Conforme se refere no ac. do STJ de 3.7.2014 (proc. 354/12.6GASXL.L1.S1, em www.dgsi.pt), «os casos de “diminuição sensível da capacidade de avaliação” podem ser tratados como de inimputabilidade ou antes de imputabilidade (diminuída), de acordo com o juízo que o tribunal faça sobre os pressupostos referidos nos n.ºs 2 e 3 do art. 20º CP. No caso de o tribunal considerar o agente imputável, estaremos então perante um caso de imputabilidade diminuída, mas o legislador não determina nem sequer prevê a atenuação especial da pena, como se imporia caso a imputabilidade diminuída se fundasse numa presumida diminuição da culpa. É que na determinação do grau de culpa na imputabilidade diminuída há que levar em conta as qualidades pessoais do agente, refletidas no facto; quando estas se revelarem especialmente desvaliosas do ponto de vista do direito, estaremos perante uma culpa agravada, a que corresponderá uma pena necessariamente mais grave».

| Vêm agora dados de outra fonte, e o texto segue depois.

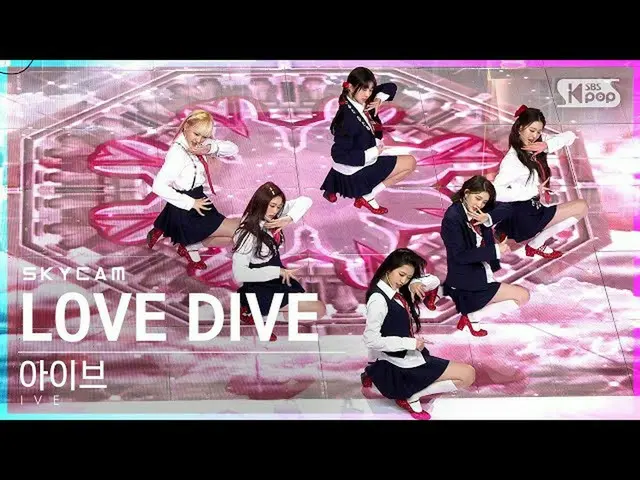 【公式sb1】[航空カム4K] IVE_  'LOVE DIVE_ _ ' (IVE_ _  Sky Cam)│@SBS 人気歌謡_2022.04.10.  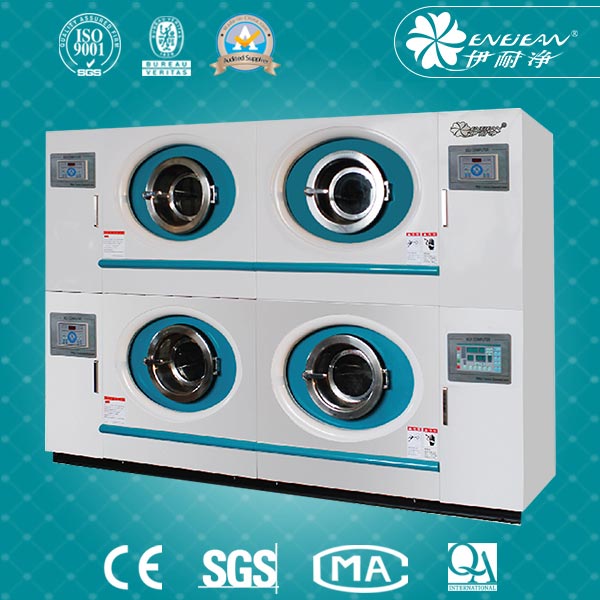 隔離式石油干洗機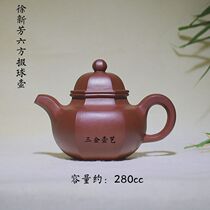 Yixing Craftsman Xu Xinfang Zisha teapot original mine red cement handmade six-party ball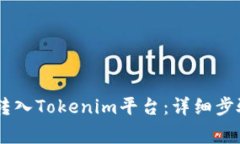 如何将USDT转入Tokenim平台:详细步骤与注意事项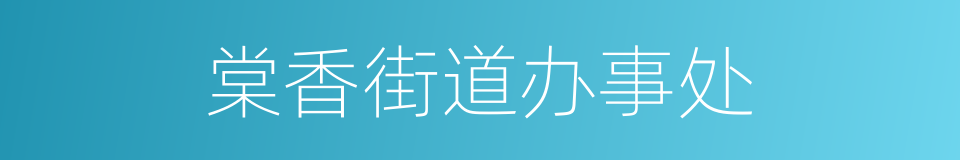 棠香街道办事处的同义词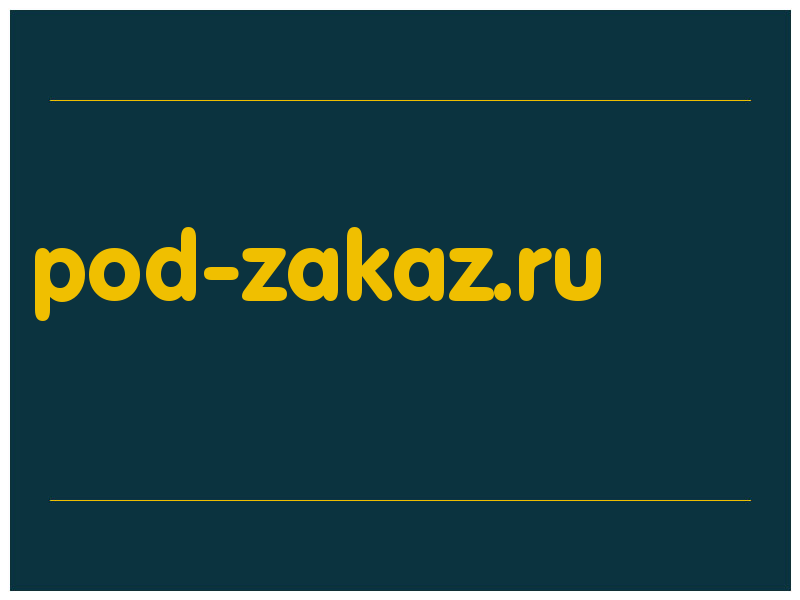 сделать скриншот pod-zakaz.ru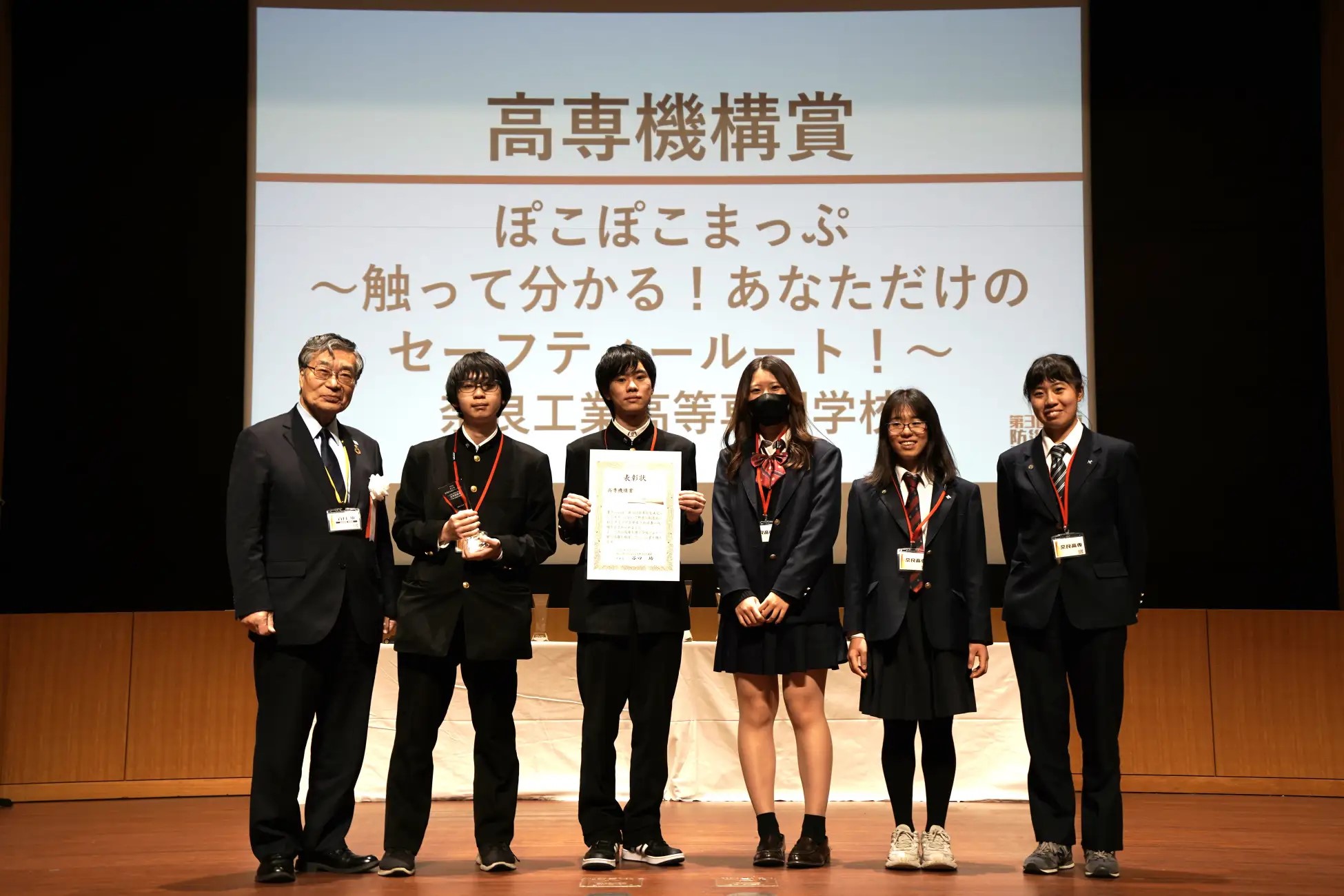 奈良工業高等専門学校「ぽこぽこまっぷ　～触って分かる！あなただけのセーフティールート！～」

E no Ac. do STJ de 7.2.2018 (proc. 312/15.9POLSB.S1, em www.dgsi.pt), com total pertinência para o caso e apreço, afirma-se: “Desculpabilizar, ainda que parcialmente, o comportamento do arguido com fundamento no seu desequilíbrio emocional seria um enfraquecimento intolerável da proteção penal de bens jurídicos valiosos. Diga-se de passagem que a grande maioria dos crimes contra a humanidade cometidos no século passado foram praticados por indivíduos emocionalmente perturbados, mas tal circunstância nunca foi considerada desresponsabilizante ou sequer atenuante de tais comportamentos pelos tribunais que julgaram esses crimes.
Ainda que se considerasse que o arguido não conseguia dominar totalmente os “impulsos” da sua “doença emocional” (o que não resulta da matéria de facto, insiste-se), daí não se seguiria a atenuação da culpa.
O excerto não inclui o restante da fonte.